Porsche's operating profit was up 25 per cent (to €1.51-billion) in the January-to-September period, while revenue leapt ahead 20 per cent (to €7.93-billion) and deliveries were up 31 per cent to 90,972 cars. Porsche is successful, despite the gloom in Europe and the United States.

The numbers also say that Porsche is definitely not a sports car company, or at least not exclusively one. Through September, the 911 model posted a 12 per cent sales decline to 13,777 vehicles. What's moving? The Cayenne was Porsche's best-selling model in the period, with 43,924 sold. That's a stunning 74 per cent jump on the year. The Panamera also outsold the 911, with deliveries up 6 per cent to 18,750 cars.

If I am a Porsche executive, those results scream out "bigger is better" – that the big Cayenne and Panamera are driving Porsche's growth and earnings.

I'd also take notice of China, Porsche's most dynamic sales region. Sales there were up 82 per cent to 17,683 cars through September. North America was strong, with 22,307 cars sold for a 15 per cent increase, but China will pass North America very soon. Europe remains healthy, too, with sales up 11 per cent to 29,079 vehicles. But Porsche's future – with the goal of annual sales topping 200,000 – is in China.

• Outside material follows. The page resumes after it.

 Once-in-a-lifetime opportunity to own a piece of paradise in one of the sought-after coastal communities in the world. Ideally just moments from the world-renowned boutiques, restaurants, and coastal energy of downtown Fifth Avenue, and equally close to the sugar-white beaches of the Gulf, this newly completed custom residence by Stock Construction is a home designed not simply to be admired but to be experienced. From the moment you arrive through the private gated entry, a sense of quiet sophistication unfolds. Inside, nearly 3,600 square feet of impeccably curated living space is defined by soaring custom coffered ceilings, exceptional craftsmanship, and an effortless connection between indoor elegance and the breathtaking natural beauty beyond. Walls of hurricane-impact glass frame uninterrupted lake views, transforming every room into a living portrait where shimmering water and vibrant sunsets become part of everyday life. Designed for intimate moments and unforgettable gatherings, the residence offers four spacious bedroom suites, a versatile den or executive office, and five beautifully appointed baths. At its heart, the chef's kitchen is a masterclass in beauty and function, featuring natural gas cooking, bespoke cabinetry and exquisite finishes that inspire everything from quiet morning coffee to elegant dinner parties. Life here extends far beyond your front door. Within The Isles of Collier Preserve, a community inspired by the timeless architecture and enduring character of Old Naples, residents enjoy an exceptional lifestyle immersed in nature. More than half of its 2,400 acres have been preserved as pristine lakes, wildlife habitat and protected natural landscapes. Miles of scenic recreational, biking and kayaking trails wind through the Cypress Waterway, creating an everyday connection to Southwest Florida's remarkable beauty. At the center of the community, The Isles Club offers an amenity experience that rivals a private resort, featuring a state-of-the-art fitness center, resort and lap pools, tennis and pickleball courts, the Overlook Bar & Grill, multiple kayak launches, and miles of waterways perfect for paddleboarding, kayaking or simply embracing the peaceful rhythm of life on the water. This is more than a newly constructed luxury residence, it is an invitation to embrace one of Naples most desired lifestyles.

"Porsche's chunky models have become the pillar of their success," Stefan Bratzel, director of the Centre of Automotive Management at the University of Applied Sciences in Bergisch Gladbach, Germany, recently told Bloomberg.

And they will remain so, even as the new 911 arrives next February in Canada. The big-is-better mentality has justifiably consumed Porsche's thinking about the 911.

Chief executive officer Matthias Mueller told reporters at the Frankfurt auto show that the car is "enormously important for Porsche as it characterizes the brand" and the new 911 will "play a huge factor in our growth strategy." That said, this car is nothing much like the first 911 of almost 50 years ago.

My bet is that the purists are going to be troubled by this 2012 version, but the market will go nuts. Despite the weight of success, I believe Porsche's daring move here was not to stand pat with the 911, but to suffer the slings and arrows that come with knocking convention and conventional wisdom. Because if nothing else, this 2012 911 is big – 100 mm longer at the pivotal point, the wheelbase, and significantly wider at the front track, too.

It's still every bit a speedster, too. The seventh-generation 911 has a top speed of 289 km/h, the company says, and the Carrera S with PDK accelerates to 100 km/h in 4.3 seconds, 4.1 seconds with the launch control feature of the optional Sport Chrono package. The Carrera with PDK does the same sprint in 4.6 seconds, 4.4 seconds with Sport Chrono.

At 350 hp for the base car and 400 for the Carrera S, the car is more powerful and 45 kilograms lighter than its predecessor. Give thanks to a lot of aluminum bodywork for the weight loss. Porsche says the Jenny Craig treatment and various engineering advances, including a stop-start system, have reduced fuel consumption and emissions by as much as 16 per cent. All that in a much larger, more powerful car from the inside out.

If Porsche were looking for some advice from me, however, I'd suggest caution over growing the 911 any further.

This car is as big as any 911 should ever be. When it comes to sports cars, size matters – the rule of thumb being the smaller the better.